Tip: get started early.  Depending on your system, these nets can take several minutes to train.  Exploring hyperparameters (such as training rate) will be critical for success.


### Some Help
Below are some helper codes to:
- generate input strings and their parity.
- provide a callback to trigger early stopping during training
- plotting

In [1]:
try:
  # %tensorflow_version only exists in Colab.
  %tensorflow_version 2.x
except Exception:
  pass

import tensorflow as tf
import numpy as np
from matplotlib import pyplot

def gen_binary_sequences(num, length):
  '''
  Generate :num: sequences of length :length:.
  '''
  return(np.random.randint(0, 2, size=(num, length), dtype=np.int32))

def calc_parity(seqs):
  '''
  Calculate sequence parity (1 if odd number of 1s, 0 if even number of 1s)
  '''
  return(seqs.sum(axis=-1) % 2)


class create_accuracy_callback(tf.keras.callbacks.Callback):
    '''
    Callback function to stop training at 100% accuracy
    '''
    def on_epoch_end(self, epoch, logs={}):
        if(logs.get('accuracy') == 1.0 and logs.get('val_accuracy') == 1.0):
            self.model.stop_training = True


def plot_accuracies(accuracies,Ns,Hs):
  '''
  Make a graph of mean % correct (and standard error) on the test set for the different values of H and N.
  Input: ndarray of |Hs|x|Ns|x(reps)
         actual values of Ns and Hs
  '''
  lenH,lenN,lenreps = accuracies.shape
  assert(lenH == len(Hs))
  assert(lenN == len(Ns))
  accuracies_mean = accuracies.mean(axis=2)
  accuracies_std = accuracies.std(axis=2)
  accuracies_stderr = accuracies_std/np.sqrt(lenreps)
  # plot
  fig = pyplot.figure()
  ax = fig.add_subplot(111)
  ax.axhline(0.5,linestyle="--",color="gray") # chance baseline
  centers = np.arange(lenN)
  for Hindex, H in enumerate(Hs):
    ax.bar(centers + 0.8/lenH*(Hindex-(lenH-1)/2),
           accuracies_mean[Hindex], 0.8/lenH, yerr=accuracies_stderr[Hindex],
           alpha=0.5, label=f"{H} hidden units")
  ax.set_xlabel("sequence length")
  pyplot.xticks(centers,Ns)
  ax.set_ylabel("accuracy")
  pyplot.legend(loc="lower left")

TensorFlow 2.x selected.


## Part 1
**Part 1.a**<br>
Fill in the code to create a net given H and N using the tanh activation function for the hidden units.  Keras has a number of RNN helper functions, although you can also write your own custom layers.

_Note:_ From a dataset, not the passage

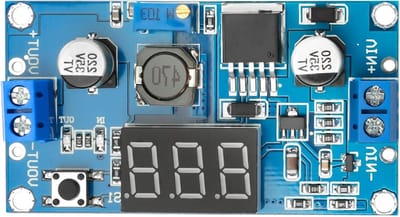 Verstelbare DC-DC Spanningsomvormer van 1.25V tot 37V met LED-display en soldeervrije voeding, ideaal voor projecten en elektronica toepassingen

Remember that the net should only take one bit of input at a time from the input sequence, and output one logistic value (between 0 and 1) only after the input sequence is complete.

In [0]:
import tensorflow as tf
from tensorflow.keras import layers
from datetime import datetime

# %load_ext tensorboard
# # Clear any logs from previous runs
# !rm -rf ./logs/ 

def build_model(N,H):
    '''
    Builder for an RNN model. Model inputs are binary sequences of length :N:.

    At each sequence position, the input and prior state should be fully connected 
    to :H: hidden units with tanh activation.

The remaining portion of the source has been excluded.